La oposición insistió en poner contra la pared a Peña, pero
la sesión terminó con sólo 87 de los 257 diputados: la mayoría estaban apurados
por hacer un discurso, salir en la tele y marcharse a casita. De las 57 veces que
hubiese correspondido que el jefe de Gabinete diera explicaciones en ese
recinto durante "los doce años de la alegría", sólo en 15 ocasiones
los Kirchner condescendieron a semejante incordio institucional. Dos frases se
cruzaron allí en el aire: "No ven la realidad" y "Háganse
cargo". La primera fue pronunciada por los soldados de Cristina, que ya no
citan a Jauretche, sino a Mirtha Legrand; la segunda fue una réplica
inusualmente ardorosa del ministro coordinador.
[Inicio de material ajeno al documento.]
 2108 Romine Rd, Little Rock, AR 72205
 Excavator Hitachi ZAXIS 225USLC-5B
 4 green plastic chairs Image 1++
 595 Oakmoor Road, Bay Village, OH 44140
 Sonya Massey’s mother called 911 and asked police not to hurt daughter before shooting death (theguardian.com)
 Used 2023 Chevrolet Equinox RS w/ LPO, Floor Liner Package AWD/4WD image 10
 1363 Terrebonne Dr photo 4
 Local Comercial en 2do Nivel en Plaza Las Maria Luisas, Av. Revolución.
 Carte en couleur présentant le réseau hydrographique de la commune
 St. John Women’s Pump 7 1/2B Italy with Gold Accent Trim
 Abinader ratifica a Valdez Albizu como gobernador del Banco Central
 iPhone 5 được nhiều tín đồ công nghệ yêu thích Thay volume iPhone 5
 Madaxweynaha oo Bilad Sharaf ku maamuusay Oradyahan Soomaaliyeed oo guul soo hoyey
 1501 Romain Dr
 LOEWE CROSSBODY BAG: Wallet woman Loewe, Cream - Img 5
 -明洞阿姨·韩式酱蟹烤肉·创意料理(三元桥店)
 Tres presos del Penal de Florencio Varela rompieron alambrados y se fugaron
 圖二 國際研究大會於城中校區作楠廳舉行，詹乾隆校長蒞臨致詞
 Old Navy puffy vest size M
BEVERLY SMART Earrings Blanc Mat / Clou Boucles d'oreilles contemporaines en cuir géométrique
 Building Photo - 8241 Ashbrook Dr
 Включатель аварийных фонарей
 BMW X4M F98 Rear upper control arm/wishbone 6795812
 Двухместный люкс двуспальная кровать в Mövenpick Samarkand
La extrema polarización parece hoy un juego inexorable, que
convierte provisoriamente la ancha avenida del medio en una delgada línea roja,
y que amenaza terminar con un duelo al sol, a suerte y verdad en la segunda
parte del año. Tanto se buscan los duelistas que los demás parecen de palo. Un
legendario conductor de redacciones tenía una fórmula infalible para espabilar
a un redactor que trabajaba mal; le aconsejaba a su jefe: "Muéstrele el
abismo". El oficialismo le muestra el abismo a su electorado más decepcionado
cuando se contrapone al espectáculo turbio y radicalizado que monta el
carapintadismo kirchnerista. Cuando Máximo anuncia que el Gobierno está
fracasando, esconde que el gobierno de su madre ya fracasó, y ésa es la lectura
inconsciente que una parte sustancial de la sociedad se hace aun en estas
semanas de angustia y dubitaciones.
Dos temibles aliados tiene la arquitecta egipcia: la
desatendida clase media baja del conurbano a la que este gobierno no le ha dado
más que disgustos y el Estado, esa una nueva clase social que no previó ni
Carlos Marx, un cuerpo delirante y engordado por millones de personas de
diverso nivel, que consiguieron posiciones inexpugnables cuando el kirchnerismo
no podía generar empleo genuino y enmascaraba esa impotencia tomando
irresponsablemente agentes públicos. En ese colectivo, obra maestra de la
desmesura, hay personas honestas y diligentes, pero también ñoquis, burócratas,
mafias, mañas y una rara cultura interna según la cual nadie tiene derecho a
evaluarlos ni a exigirles pericia, como si sus salarios no los pagaran los
ciudadanos, sino Dios, y como si estuvieran más allá de cualquier análisis
humano.
En ese vasto cosmos donde reinan las segundas y terceras
líneas que permanecen aun cuando los gobiernos pasan, hay mucha materia prima y
mucho tiempo para el ejercicio ruidoso de la paranoia y la protesta. Son un
ejército de ocupación, y se sienten amenazados por Macri y por el mundo. Que
dicho sea de paso avanza hacia la robotización y hacia una crisis del trabajo.
Nosotros estamos en el pleistoceno, mientras el futuro se nos viene encima como
un tren.
Tiene razón Santiago Kovadloff: estamos enamorados de las
discusiones urgentes, pero no de las interesantes.